The point is to play an infinite game.  To play as long as possible.

 

With this new flavor of aim in place, we begin to look at the game differently.  We know the limbic system is going to have it’s turn after we make our move, and knowing this, we can then begin to plan for it.

 

We can realize that we simply don’t take our own advice outright, but we can start to experiment with structural ways in which we design that advice into our daily life.

 

Discipline comes into the picture here, but not necessarily in a way that we have to dread.  Discipline and willpower compose this milieu of cultural mythical power that only seems to be on offer to those who seem incoherently successful.  The point is, we only need relatively small sprints of discipline and willpower. 

 

We use discipline to set up a structure that is then powered by the limbic system.

 

 

What does this look like in a real, practical way?

 

Let’s say a person has a constant ambient experience of anxiety and stress.  And they hear all the time that meditation reduces this anxiety and stress, but every time this person sits down to meditate, it feels like torture.  There are so many thoughts, it’s overwhelming.  It’s a disaster.
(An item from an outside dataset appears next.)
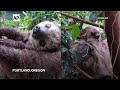 Two-toed sloth debuts at the Oregon Zoo  - 00:26 min - News - Video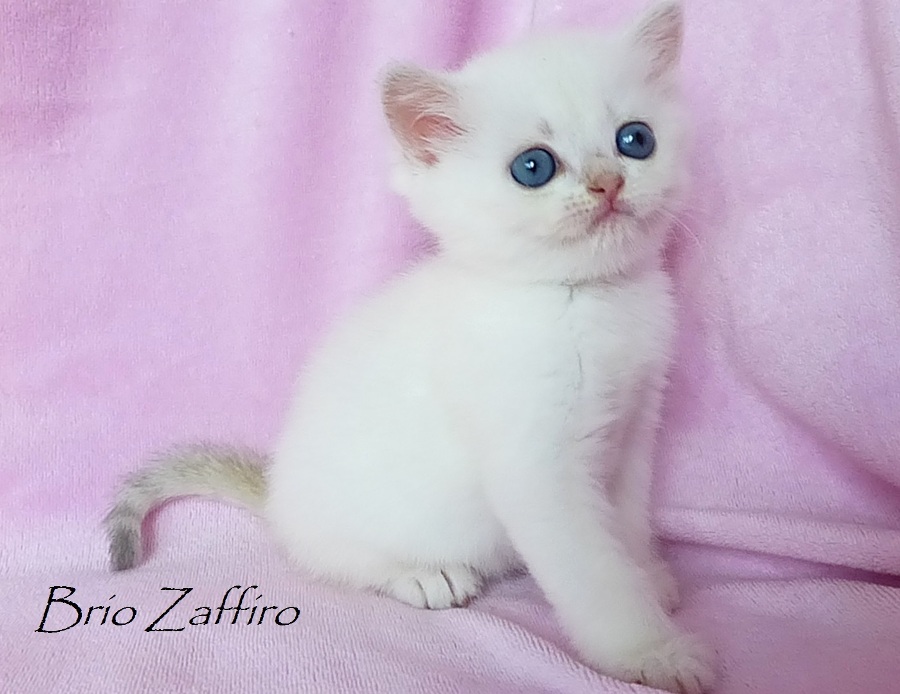Ariadna Brio Zaffiro котенок британской шиншиллы пойнт из Московского питомника британских шиншилл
This isn’t working.

 

The conclusion:  This isn’t working.

 

That’s the limbic system talking.  That’s an emotional response saying, this doesn’t feel good so it must not be something that works.

 

Meanwhile, we eat a tub of ice cream and our limbic system screams: this is amazing!

 

And yet an hour later our rational self pleads in horror: what was I thinking?

 

The lesson here is that the limbic system rarely has a reliable opinion on what’s going on.  But it can still be used to our benefit.

 

As said before, discipline needs to be implemented for a short, effortful amount of time.  Like working out, we don’t work out all day, we spend 45 minutes or an hour working out and end up feeling pretty good for the rest of the day.  In the moment the limbic system is yelling: what are you doing?  This isn’t fun! but later on in the day the limbic system is constantly noting: hey, today is great! while totally forgetting about the workout.  It’s the executive cortex that can see the whole story.  Workout enough and the limbic system slowly starts to make the connection.

 

The same goes with meditation.  The executive cortex can read up on the scientific literature, realize that people generally don’t experience any sort of benefits for a few months and realize that it only takes a month for a habit to dig a solid root into our routine of behavior.  Our rational self can then realize: Ok, I’ll put a solid month of effort into making this a habit, even if it’s uncomfortable, I know that eventually it’ll sort of feel good, and once that happens, the limbic system will take over where discipline was required.

 

In this way our “rational” self can plan life in a way that includes our impulsive, pleasure seeking, limbic system self.

 

The goal isn’t to dominate the limbic system, but to curate it.

 

This is the crucial part of the chess analogy.  If you play to win, you’ve already lost.  But if you play simply to keep playing, then you begin to look at your opponent more as a partner, one whom you can rely on to act in a certain way.  You can then begin to experiment with the design of your life so that the limbic system makes predictable choices inside of that structure that ultimately lead to your benefit. 

 

It requires tinkering, and that requires time, which means patience is a superpower in this respect.  If, however, we can stop viewing self-improvement as a battle and more like a fun game that we can get better at, then the idea that things might not go according to plan becomes less tense.  When things break down, we can analyze why and then try again.

 

Then slowly, like building sandcastles in the surf, we make headway, fully expecting that we haven’t perfectly designed things for our limbic system and the childlike monster inside of us will wreck things.

 

Given enough time though, we can build a near perfect playground for this part of ourselves, one whose natural flow of impulse that once undermined our goals, now fuels the effort to achieve those goals.